▶ _What you should do_: Each line of the data below goes into the copy exactly; pictures do not.

[Given material — start]

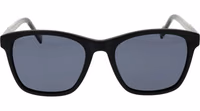 Black Plastic Sunglasses 2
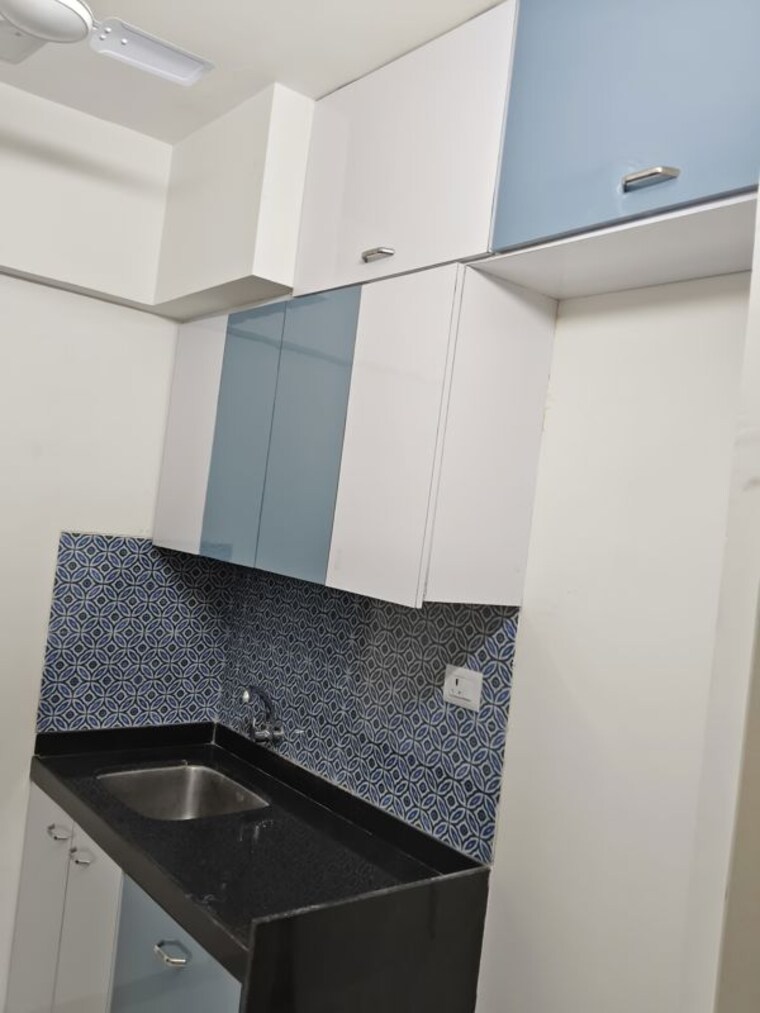 Kitchen, lodha-crown-kolshet 1 Bedroom 420 Sq.Ft. Apartment In Kolshet Road Thane 10673575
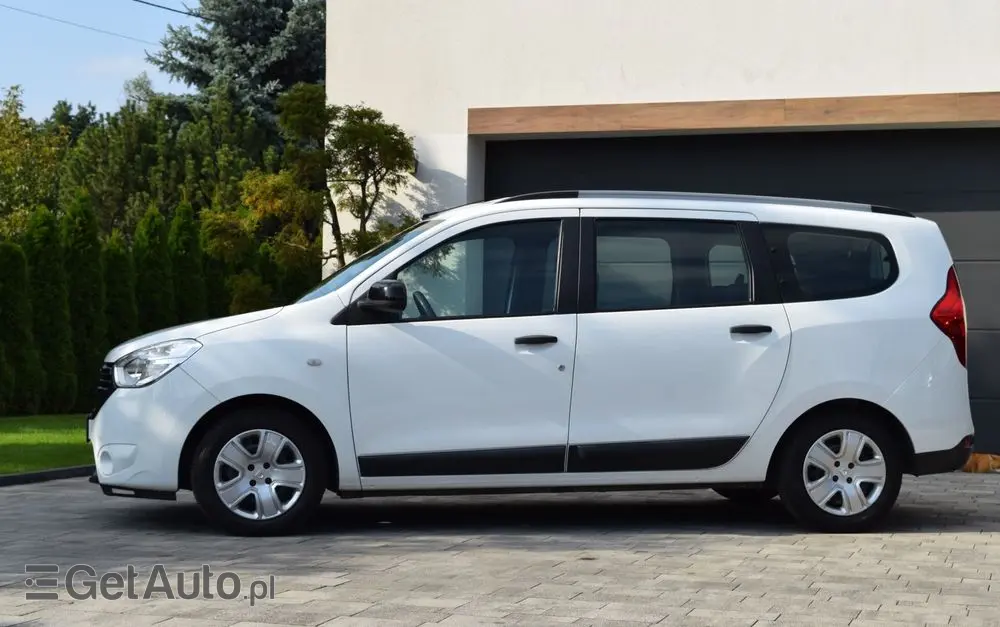 DACIA Lodgy 1.3 TCe Stepway S&S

[Given material — finish]

▶ _Solution_:
 Black Plastic Sunglasses 2
 Kitchen, lodha-crown-kolshet 1 Bedroom 420 Sq.Ft. Apartment In Kolshet Road Thane 10673575
 DACIA Lodgy 1.3 TCe Stepway S&S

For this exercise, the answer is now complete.